CONTEXTE ET FAITS
Le contexte nous plonge dans la France de l'occupation et du régime de Vichy. Le gouvernement met en place dès octobre 1940 un système d'organisation propre à chaque profession. Soit, d'une part, les Comités d'organisation des professions qui n'ont pas survécu à la Libération. Et, d'autre part, les Ordres professionnels qui perdurent jusqu'à nos jours. Ce qui est le cas des architectes, des experts-comptables et des médecins, profession qui concerne la jurisprudence en question. En 1945, l'Ordre des médecins sera conservé quasiment à l'identique de ce qui fut institué à l'origine (Journal Officiel du 26 novembre 1940).

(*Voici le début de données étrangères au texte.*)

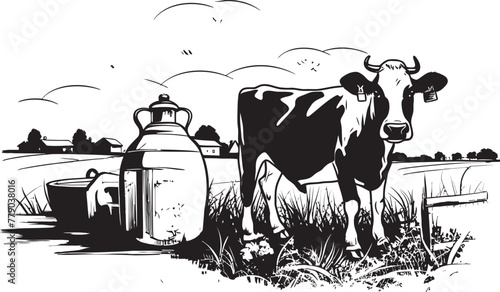 Tranquil Dairy Retreat Grass Farm Logo with Cow and Milk Can in Tranquility Green Pasture Paradise Cow and Milk Can Vector Icon in Verdant Pastures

Il est prévu que les Ordres exercent un pouvoir de réglementation et de contrôle sur la profession. Le Docteur Bouguen est en conflit avec son Ordre à propos d'une question de cabinet secondaire ouvert dans une autre commune que son cabinet principal d'installation. L'Ordre des médecins ordonne la fermeture de ce second cabinet. Un litige s'en suit.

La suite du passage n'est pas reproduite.